Putting Up A Fight In The Last Frontier
- What’s cooler than a cold war? A cold war clash in Alaska, duh. The U.S. military has shifted about 130 soldiers – accompanied by two mobile rocket launchers, a Navy destroyer, and a Coast Guard vessel – to a remote part of Alaska’s Aleutian Island chain. The troops were sent north to monitor joint military drills being held by Russia and China in the Arctic and Pacific.
- “It’s not the first time that we’ve seen the Russians and the Chinese flying, you know, in the vicinity, and that’s something that we obviously closely monitor, and it’s also something that we’re prepared to respond to,” Pentagon spokesperson Maj. Gen. Pat Ryder told reporters yesterday. The joint drills by America’s top rivals are part of their “Ocean-24” military exercise, which will see Moscow and Beijing conduct drills across the Arctic and Pacific Oceans.
More Mixed Nuts
- Trump says he will meet with Narendra Modi during Indian prime minister’s visit to US (AP)
- Australians stranded on Kokoda track resume walk after protests shut down sections (Guardian)
- Ukrainian drone attack triggers huge blasts at Russian ammo depot (NBC)
- IMF postpones Russia visit after heavy criticism across Europe (Guardian)
- Australian police infiltrate encrypted messaging app Ghost and arrest dozens (AP)
The Non-Contiguous Air Carrier Combo
- Yesterday, Alaska Airlines announced that it had completed its $1.9 billion acquisition of Hawaiian Airlines. The news is a bit surprising considering the recent track record of airline mergers – JetBlue and Spirit tossed their $3.8 billion merger agreement after a U.S. judge blocked the deal in January, and American and JetBlue’s attempted merger was also stopped.
- The U.S. Department of Transportation approved the deal after the airlines agreed to protect the value of frequent flyer rewards, maintain service on certain Hawaiian routes, ensure competitive access at the Honolulu airport, and provide travel credits or frequent flyer miles for disruptions that are the airline’s fault.

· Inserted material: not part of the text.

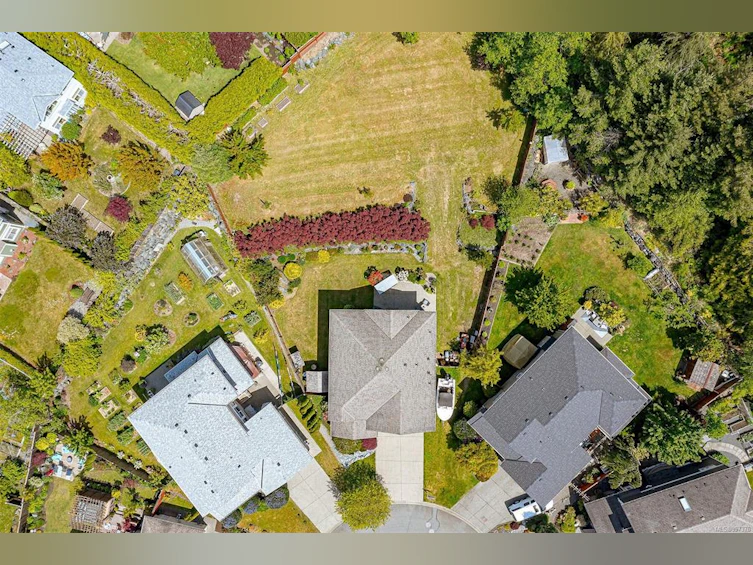 6486 Beechwood Place, Sooke, BC, V9Z 0Y7 - 51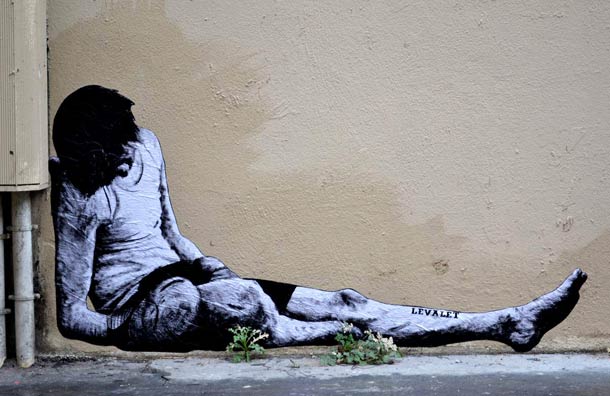 Levalet-street-art-1.jpg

Alaska is (or was) the fifth-largest domestic U.S. airline, while Hawaiian is the 10th-largest.
Turning Traitor On Trump
- Yesterday, more than 100 Republican former national security and foreign policy officials signed a public letter endorsing Vice President Kamala Harris for president. They agreed that while they “expect to disagree with Kamala Harris on many domestic and foreign policy issues,” they “believe that she possesses the essential qualities to serve as president and Donald Trump does not.”
- The letter gets harsher, saying, “We firmly oppose the election of Donald Trump. As president, he promoted daily chaos in government, praised our enemies and undermined our allies, politicized the military and disparaged our veterans, prioritized his personal interest above American interests, and betrayed our values, democracy, and this country’s founding document.” Yikes.
More Nuts In America
- GOP senator tells Arab American witness at hate crimes hearing to ‘hide your head in a bag’ (NBC)

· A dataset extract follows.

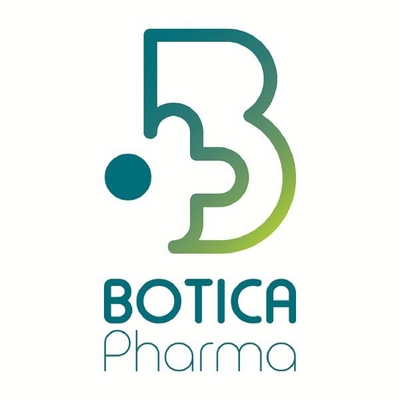 BOTICA PHARMA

- Ohio Republicans are being very, very careful in correcting Trump and Vance (CNN)
- Sarah Huckabee Sanders swipes at Kamala Harris for not having biological children (ABC)
- Video: Paul Whelan shares what he is having difficulty adjusting to after 5 year imprisonment (CNN)
- Vance touts deportation plan in Wisconsin city where tensions flared over refugee resettlement (AP)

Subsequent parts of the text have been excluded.